Rights worker decries treatment of children in Zamboanga crisis

Evacuees receive their food ration as fighting erupts anew between Government forces and Muslim rebels. AP

DAVAO CITY – Fifteen-year old Hassan sailed from Basilan with his grandfather on September 8 to attend what was supposedly a peace rally in Zamboanga City.

Three days later, he was talking to a worker of the New York-based Human Rights Watch inside the Zamboanga City jail.

Carlos Conde of the HRW said the boy was “arrested” along with several other people on suspicion of being a member of the Moro National Liberation Front group led by Ustadz Habier Malik.

Conde, in a statement e-mailed to news organizations, said Hassan had denied being an MNLF member, more so, a child combatant.

He said Hassan was only among several minors “falsely” identified as child warriors of the MNLF.

Like Hassan, Kiram, 14, and Abdul, 17, both bottled water vendors, also spent five days in police custody on mere suspicion of being rebels. They were in cuffs, Conde said, when he met them on Wednesday.

“Children, like Hassan, pay their own steep price,” Conde said, as he illustrated how the violence affected the life of the children.

He cited the case of evacuation centers, which “overflow with thousands of children who are homeless and unable to go to school.”

Conde said granting that the three boys were indeed child warriors, the state should always treat them as “victims.”
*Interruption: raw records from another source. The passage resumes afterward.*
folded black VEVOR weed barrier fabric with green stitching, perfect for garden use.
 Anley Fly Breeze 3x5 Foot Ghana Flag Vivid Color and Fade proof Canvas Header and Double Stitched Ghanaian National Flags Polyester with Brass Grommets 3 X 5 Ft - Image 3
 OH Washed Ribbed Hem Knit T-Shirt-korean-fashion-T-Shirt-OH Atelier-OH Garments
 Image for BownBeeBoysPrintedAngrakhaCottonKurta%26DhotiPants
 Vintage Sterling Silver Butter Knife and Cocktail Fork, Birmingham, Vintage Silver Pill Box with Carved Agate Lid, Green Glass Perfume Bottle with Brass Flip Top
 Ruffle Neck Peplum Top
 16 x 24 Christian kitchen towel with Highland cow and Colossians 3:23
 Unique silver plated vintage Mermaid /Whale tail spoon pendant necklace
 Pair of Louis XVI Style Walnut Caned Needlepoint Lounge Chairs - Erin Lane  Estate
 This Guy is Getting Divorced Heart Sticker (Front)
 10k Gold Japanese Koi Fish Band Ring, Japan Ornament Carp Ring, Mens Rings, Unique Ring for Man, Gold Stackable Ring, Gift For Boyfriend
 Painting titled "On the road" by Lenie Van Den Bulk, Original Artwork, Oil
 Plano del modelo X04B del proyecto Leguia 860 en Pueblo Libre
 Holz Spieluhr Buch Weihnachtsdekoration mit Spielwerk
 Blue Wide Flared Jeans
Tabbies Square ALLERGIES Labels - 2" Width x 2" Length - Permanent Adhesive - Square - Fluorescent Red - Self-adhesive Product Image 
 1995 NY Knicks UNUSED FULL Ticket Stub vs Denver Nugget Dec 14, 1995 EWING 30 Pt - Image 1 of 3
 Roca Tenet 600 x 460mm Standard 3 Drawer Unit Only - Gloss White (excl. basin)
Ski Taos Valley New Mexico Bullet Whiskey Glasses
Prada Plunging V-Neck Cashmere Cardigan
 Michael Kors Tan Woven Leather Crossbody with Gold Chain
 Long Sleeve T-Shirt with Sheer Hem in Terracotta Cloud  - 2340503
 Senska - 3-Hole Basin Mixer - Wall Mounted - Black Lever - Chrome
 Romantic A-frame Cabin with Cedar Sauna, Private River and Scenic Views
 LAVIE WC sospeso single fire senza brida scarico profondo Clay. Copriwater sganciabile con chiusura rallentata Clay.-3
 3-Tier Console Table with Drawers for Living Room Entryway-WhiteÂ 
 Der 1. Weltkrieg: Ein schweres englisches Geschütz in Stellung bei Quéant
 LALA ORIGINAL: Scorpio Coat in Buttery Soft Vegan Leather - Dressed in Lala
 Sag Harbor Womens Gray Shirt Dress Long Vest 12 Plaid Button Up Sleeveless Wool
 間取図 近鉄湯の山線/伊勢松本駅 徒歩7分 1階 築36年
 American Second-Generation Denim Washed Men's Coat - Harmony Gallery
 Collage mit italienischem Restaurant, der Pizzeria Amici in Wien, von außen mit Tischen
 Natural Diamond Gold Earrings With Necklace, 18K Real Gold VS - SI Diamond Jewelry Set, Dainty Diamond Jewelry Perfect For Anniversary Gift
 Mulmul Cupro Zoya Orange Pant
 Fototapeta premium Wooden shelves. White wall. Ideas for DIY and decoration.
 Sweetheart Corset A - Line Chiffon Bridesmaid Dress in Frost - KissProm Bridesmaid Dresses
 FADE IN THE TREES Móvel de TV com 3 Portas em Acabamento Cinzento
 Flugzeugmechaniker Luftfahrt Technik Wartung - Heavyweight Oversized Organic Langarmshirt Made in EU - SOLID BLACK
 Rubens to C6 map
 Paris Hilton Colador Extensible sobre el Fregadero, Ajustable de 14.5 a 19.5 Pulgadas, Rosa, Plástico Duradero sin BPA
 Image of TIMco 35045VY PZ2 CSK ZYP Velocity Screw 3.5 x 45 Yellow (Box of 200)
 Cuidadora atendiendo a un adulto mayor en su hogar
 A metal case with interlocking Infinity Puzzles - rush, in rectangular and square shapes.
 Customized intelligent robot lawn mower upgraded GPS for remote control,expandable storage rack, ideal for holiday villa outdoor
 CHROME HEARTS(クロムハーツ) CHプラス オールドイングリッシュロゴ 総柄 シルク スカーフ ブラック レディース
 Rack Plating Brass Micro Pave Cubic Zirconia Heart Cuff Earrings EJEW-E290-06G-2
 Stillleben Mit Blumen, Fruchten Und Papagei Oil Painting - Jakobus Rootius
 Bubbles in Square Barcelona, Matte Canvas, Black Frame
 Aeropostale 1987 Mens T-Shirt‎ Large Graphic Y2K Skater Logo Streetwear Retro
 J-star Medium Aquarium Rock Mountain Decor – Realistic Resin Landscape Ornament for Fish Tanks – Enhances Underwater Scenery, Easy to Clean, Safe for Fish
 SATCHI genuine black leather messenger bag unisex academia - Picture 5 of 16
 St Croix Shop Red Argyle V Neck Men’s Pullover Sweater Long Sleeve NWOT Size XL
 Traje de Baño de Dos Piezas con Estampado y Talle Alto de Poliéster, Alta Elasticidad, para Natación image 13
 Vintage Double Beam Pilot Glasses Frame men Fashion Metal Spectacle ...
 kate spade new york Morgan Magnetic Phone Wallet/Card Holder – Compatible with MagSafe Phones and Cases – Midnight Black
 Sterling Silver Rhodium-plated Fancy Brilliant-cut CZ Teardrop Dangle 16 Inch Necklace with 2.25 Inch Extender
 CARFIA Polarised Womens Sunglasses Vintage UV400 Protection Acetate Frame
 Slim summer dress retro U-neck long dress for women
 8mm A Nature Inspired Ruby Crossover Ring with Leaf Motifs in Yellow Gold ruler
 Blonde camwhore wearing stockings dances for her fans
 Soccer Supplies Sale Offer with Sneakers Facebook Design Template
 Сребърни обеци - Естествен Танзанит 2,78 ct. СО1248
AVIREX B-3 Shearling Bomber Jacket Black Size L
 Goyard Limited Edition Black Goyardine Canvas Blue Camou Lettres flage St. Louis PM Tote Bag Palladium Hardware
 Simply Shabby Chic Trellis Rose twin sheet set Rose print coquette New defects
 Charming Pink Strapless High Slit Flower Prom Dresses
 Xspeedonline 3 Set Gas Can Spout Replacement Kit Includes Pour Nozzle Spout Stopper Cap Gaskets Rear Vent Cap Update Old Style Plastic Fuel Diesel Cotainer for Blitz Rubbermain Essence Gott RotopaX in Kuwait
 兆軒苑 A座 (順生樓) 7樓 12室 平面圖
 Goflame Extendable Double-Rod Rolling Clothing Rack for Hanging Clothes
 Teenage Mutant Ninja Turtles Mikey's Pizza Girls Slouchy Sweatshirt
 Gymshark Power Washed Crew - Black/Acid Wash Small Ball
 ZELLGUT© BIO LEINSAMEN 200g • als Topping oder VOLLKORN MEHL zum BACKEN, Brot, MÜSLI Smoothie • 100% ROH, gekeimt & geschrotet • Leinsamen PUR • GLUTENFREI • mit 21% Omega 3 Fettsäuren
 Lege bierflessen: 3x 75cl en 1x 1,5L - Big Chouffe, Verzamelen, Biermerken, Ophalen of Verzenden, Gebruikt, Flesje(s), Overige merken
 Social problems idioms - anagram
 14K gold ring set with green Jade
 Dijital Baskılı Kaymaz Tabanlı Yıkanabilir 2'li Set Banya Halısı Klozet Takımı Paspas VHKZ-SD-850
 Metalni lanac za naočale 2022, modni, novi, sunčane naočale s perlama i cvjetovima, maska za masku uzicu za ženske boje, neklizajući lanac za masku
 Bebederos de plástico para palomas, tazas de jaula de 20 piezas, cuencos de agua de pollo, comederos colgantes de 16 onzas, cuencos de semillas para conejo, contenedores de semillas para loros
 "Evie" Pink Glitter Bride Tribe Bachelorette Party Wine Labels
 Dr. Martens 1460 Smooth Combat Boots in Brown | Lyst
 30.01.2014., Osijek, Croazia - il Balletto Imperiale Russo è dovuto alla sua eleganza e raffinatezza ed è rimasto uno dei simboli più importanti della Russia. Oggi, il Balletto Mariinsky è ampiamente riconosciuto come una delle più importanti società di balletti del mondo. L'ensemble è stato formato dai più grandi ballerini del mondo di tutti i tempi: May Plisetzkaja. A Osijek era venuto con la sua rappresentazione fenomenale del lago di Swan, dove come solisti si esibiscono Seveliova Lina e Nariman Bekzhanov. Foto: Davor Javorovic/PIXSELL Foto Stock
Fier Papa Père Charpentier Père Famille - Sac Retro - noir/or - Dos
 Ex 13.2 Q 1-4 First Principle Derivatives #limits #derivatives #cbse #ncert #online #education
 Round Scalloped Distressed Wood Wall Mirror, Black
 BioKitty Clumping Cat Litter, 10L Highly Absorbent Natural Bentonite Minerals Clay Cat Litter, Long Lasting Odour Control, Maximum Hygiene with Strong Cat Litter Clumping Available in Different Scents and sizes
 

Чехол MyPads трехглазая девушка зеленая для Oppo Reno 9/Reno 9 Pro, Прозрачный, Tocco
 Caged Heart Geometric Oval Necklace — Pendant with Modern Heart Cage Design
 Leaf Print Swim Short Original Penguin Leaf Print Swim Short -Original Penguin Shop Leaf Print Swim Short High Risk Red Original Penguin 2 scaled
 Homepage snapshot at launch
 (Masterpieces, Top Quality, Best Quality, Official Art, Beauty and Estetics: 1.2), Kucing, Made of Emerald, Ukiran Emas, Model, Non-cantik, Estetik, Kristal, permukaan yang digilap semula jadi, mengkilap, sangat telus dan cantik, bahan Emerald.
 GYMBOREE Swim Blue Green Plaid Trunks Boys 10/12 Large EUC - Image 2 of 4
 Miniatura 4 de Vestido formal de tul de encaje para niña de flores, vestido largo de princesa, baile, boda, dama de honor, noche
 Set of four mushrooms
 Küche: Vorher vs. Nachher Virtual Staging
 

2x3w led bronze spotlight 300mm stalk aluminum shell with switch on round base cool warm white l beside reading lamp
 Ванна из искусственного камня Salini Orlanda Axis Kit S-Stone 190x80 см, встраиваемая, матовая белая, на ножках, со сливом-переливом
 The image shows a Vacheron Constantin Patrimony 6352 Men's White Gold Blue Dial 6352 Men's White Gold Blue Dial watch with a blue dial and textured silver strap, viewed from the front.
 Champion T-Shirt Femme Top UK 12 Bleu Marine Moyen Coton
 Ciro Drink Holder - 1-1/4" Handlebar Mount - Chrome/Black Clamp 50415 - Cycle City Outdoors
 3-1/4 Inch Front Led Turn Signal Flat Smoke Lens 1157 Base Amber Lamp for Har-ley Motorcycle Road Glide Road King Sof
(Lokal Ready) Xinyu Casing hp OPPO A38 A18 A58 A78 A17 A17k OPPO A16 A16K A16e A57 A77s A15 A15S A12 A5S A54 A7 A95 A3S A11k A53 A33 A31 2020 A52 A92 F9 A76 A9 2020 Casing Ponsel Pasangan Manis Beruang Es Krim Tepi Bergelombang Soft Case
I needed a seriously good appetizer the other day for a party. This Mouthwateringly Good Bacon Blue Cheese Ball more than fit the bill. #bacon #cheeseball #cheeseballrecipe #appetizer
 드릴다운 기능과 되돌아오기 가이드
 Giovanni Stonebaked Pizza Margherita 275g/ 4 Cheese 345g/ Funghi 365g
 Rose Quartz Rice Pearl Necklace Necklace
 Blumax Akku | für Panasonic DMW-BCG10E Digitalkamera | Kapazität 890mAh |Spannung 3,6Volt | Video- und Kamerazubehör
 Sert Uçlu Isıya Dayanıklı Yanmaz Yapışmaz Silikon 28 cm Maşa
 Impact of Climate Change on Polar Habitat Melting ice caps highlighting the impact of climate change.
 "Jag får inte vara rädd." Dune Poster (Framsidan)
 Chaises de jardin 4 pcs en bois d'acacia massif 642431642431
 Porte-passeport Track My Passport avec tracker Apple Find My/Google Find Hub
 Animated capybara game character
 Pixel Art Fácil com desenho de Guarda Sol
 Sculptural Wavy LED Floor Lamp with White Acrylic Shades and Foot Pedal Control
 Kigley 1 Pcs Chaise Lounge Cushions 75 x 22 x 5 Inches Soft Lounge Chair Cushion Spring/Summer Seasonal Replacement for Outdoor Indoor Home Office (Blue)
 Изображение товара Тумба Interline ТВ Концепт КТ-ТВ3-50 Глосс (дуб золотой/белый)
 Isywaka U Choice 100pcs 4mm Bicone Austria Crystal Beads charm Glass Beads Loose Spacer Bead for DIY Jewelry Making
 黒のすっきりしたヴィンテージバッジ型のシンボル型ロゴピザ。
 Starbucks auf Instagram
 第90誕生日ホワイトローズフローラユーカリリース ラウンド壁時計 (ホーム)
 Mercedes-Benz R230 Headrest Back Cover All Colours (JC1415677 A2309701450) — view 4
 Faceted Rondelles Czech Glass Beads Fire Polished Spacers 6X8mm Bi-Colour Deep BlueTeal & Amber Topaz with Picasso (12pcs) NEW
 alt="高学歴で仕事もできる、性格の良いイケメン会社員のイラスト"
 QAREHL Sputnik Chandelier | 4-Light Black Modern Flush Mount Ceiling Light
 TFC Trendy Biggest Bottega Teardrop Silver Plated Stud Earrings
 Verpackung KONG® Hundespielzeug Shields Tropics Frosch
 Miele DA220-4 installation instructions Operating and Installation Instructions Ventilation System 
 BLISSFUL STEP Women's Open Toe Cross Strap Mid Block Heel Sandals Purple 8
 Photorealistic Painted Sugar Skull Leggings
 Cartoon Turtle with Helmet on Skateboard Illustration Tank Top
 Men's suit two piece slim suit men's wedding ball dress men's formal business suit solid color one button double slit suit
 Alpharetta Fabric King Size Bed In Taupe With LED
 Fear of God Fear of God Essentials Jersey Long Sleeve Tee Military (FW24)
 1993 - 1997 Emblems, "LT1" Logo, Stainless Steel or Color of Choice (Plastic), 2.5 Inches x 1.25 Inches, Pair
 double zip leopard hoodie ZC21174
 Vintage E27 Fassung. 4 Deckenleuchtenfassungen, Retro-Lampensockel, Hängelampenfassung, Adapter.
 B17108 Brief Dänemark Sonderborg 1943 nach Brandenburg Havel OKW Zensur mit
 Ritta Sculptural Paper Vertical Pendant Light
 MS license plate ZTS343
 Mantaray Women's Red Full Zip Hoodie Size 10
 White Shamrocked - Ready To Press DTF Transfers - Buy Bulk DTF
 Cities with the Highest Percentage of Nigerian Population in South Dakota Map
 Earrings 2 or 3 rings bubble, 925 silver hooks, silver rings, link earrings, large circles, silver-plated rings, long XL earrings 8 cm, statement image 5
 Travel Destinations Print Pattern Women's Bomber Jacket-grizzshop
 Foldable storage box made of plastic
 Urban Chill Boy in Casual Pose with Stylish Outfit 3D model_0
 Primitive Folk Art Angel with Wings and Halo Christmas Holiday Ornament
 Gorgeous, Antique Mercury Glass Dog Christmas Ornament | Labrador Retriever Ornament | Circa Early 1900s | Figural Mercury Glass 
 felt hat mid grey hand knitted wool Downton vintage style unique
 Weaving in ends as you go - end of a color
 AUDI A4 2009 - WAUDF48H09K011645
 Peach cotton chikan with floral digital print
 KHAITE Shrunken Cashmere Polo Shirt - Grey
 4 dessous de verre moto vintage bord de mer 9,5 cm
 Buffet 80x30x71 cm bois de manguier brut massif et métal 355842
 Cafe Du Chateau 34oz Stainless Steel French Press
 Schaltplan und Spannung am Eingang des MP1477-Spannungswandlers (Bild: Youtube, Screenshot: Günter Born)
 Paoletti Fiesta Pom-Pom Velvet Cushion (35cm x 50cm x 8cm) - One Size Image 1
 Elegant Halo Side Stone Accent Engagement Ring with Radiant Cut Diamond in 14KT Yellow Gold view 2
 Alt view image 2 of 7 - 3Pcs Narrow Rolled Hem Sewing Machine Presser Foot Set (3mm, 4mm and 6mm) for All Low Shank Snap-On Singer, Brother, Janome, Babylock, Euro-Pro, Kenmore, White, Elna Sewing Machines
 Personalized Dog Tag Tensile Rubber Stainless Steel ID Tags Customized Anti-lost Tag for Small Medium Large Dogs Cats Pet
“According to the Optional Protocol to the Convention on the Rights of the Child on the Involvement of Children in Armed Conflict, armed groups such as the MNLF should not, under any circumstance, recruit or use in hostilities anyone under the age of 18,” Conde said.

What was more lamentable, he said, was the condition the children were in and the treatment they got from authorities – like being paraded before the media and made to share facilities with adult detainees.

“These violate the government’s obligations under the Convention on the Rights of the Child, which the Philippines ratified in 1990,” Conde said.

He urged the government to have the suspected child combatants undergo psychological services and assistance in social reintegration.

In the case of the MNLF, Conde said, HRW had documented incidents in which gunmen used children as hostages and human shields.

“Some of (them) have been killed and wounded during military operations,” he said.

Conde said adults were indeed suffering from the violence but it was the children who were the most affected by the situation.

“Long after the guns go silent and the soldiers go home, the children of Zamboanga will wrestle with the traumas of these days of violence,” Conde added.